The UN High Commissioner for Refugees (UNHCR) had earlier called on States to provide such solutions for 30,000 of the most vulnerable Syrian refugees by the end of 2014. To date, 20 countries have offered more than 18,800 places towards this goal.

The agency remains confident that the 30,000 goal will be met by the end of the year through a significant number of submissions to the United States.

“UNHCR anticipates that in the coming years, there will be increasing numbers of vulnerable Syrian refugees who will be in need of resettlement, relocation, or other forms of humanitarian admission,” spokesperson Dan McNorton told a news conference in Geneva.

He said that in light of the growing needs of the Syrian refugee population, the goal of 30,000 in 2014 represents only the first benchmark in securing solutions for this group.

As part of the emergency response, UNHCR is urging States to consider a number of solutions that can provide secure, urgent and effective protection for these people. Such solutions could include resettlement, humanitarian admission, or individual sponsorship.

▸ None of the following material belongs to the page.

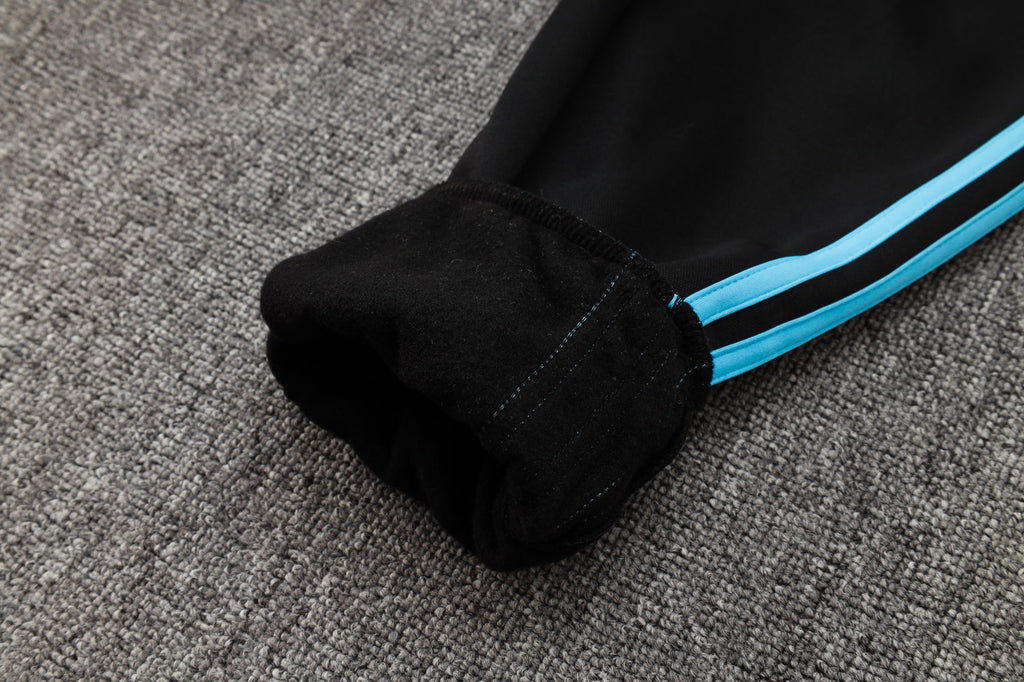 2024-25 Argentina Beige Training Suit S-2XL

States could also offer other kinds of solutions, including developing programmes that enable Syrian relatives to join family members and creating scholarships for Syrian students in order to prevent a “lost generation” of young people. They could also offer medical evacuation for refugees with serious health conditions that require life-saving treatment.

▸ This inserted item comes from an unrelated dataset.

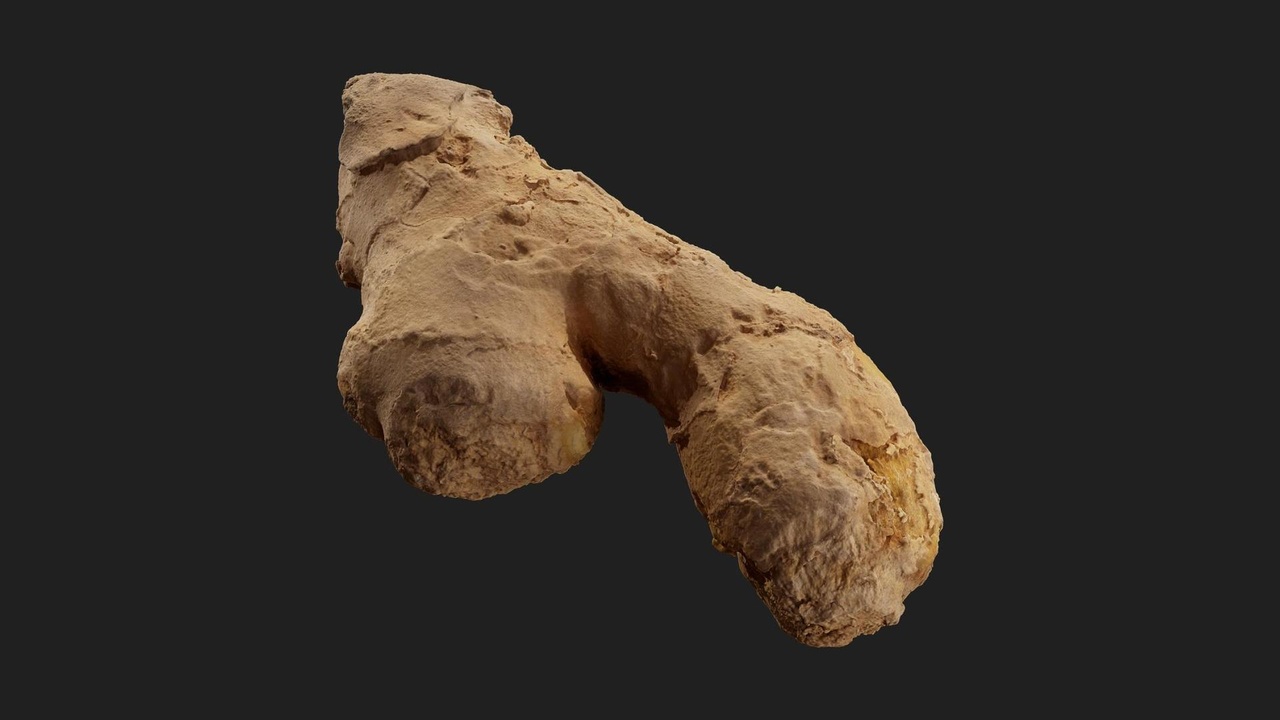 商品 Ginger 的媒体 1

Well over 100,000 people have been killed and nearly 9 million others driven from their homes since the conflict erupted between Syrian President Bashar al-Assad and various groups seeking his ouster nearly three years ago.

According to UNHCR, there are currently more than 2.4 million refugees registered in the region: some 932,000 in Lebanon; 574,000 in Jordan; some 613,000 in Turkey; 223,000 in Iraq; and about 134,000 in Egypt.